Низкая комната мезонина все еще полнилась звуками, но поступь госпожи Гармонии была теперь вовсе неуверенной. Тогда Михаил Глинка снова подал руку воздушной гостье. И чем дальше они шли, все светлее и светлее становилось в мезонине. Должно быть, где-то далеко, в песенном царстве, брызнула жар-цветом неопалимая папороть.
– Осторожнее! – предупредил госпожу Гармонию Михаил Глинка – лешие и оборотни подстерегали их на каждом шагу…
Где-то в недосягаемой дали все еще пылала, не сгорая, слепящая папороть, но воздушная гостья уже покинула мезонин, и рояль не издавал более ни единого звука. За ним все еще сидел пансионер Глинка, и непокорный хохолок упрямо торчал над его склоненной головой.
И тут другой пансионер и дока-фортепианист Николай Мельгунов сделал одно из самых удивительных открытий в его жизни. Впрочем, он не раз уже делал их, забегая в мезонин:
– Мимоза, – сказал Николай Мельгунов, приближаясь к роялю, – ты же истинный музыкант!
Глинка молчал, не выходя из задумчивости, словно соображал по клавишам путь, которым только что шла госпожа Гармония, или отыскивал то злополучное место, где лешие и оборотни испугали ее.

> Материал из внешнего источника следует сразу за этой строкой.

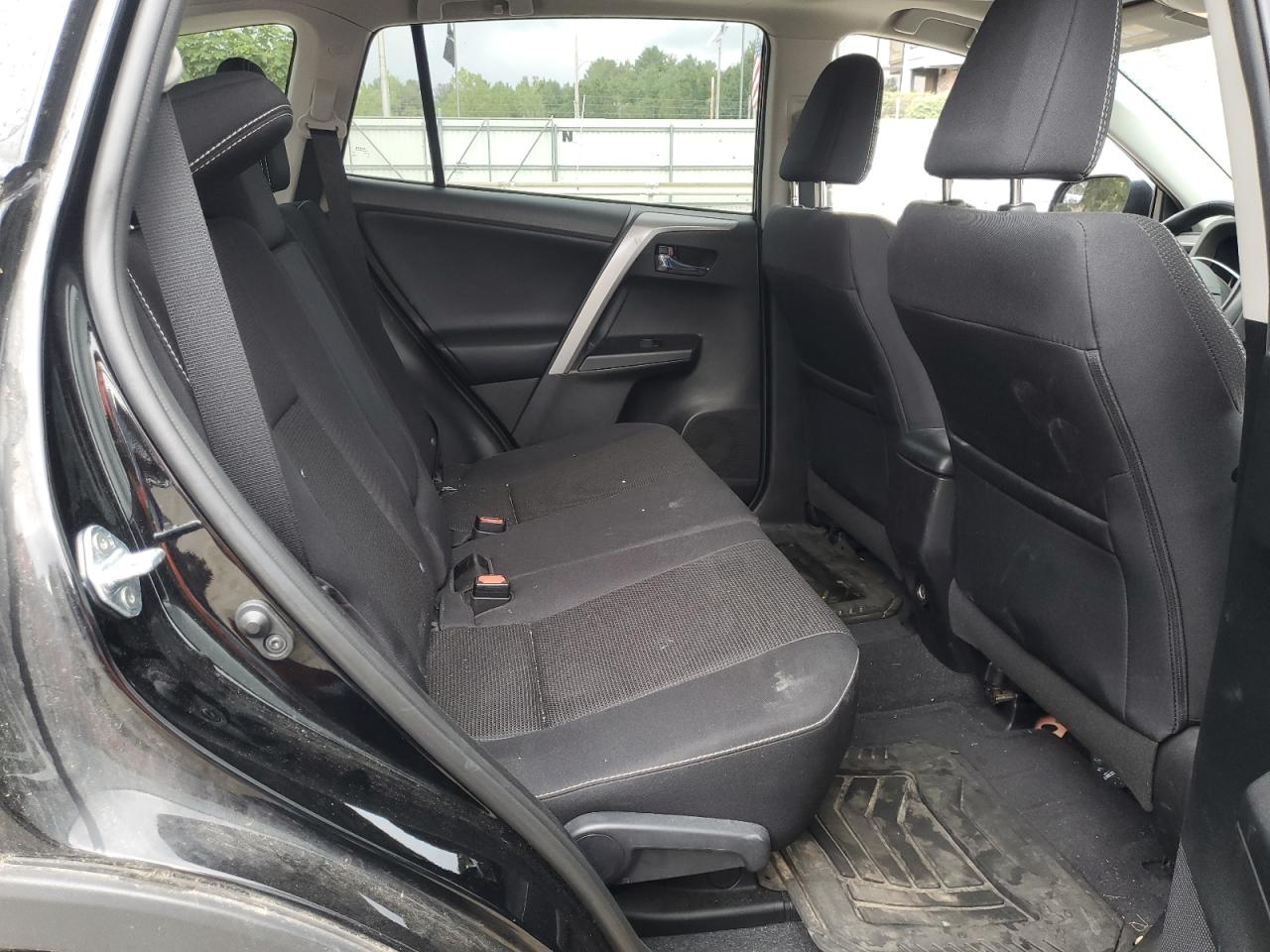 2017 Toyota Rav4 Xle VIN: 2T3RFREV8HW657862 Lot: 64816644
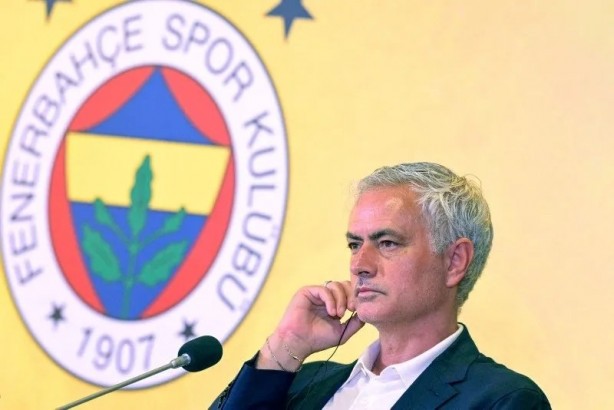 Foto - Ve Mourinho'nun raporu ortaya çıktı! 17 yıldızın üzerini çizdi "O isme tahammülüm yok"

– Музыкант? – нахмурился Глинка. – Вот в том буду с тобой диспутовать! – Неведомо откуда на смену госпоже Гармонии явился живой двойник Ивана Екимовича и, обдергивая воображаемый жилет, глубокомысленно вопросил: «А как мы понимаем музыку? Как способность души или как науку? Довольно!..» Глинка снова стал играть, но, должно быть, подинспектор Колмаков не давал ему покоя. – Будь бы я Иваном Екимовичем, – говорил он, играя и прислушиваясь, – я бы и далее вопросил, – и голос его мгновенно изменился: – А как же надобно понимать науку музыки, а? – и, рассмеявшись, Глинка махнул рукой: – Тут, брат, ни один подинспектор ничего не объяснит. Dixi!
И он снова заиграл мечтательный ноктюрн, сочиненный Фильдом.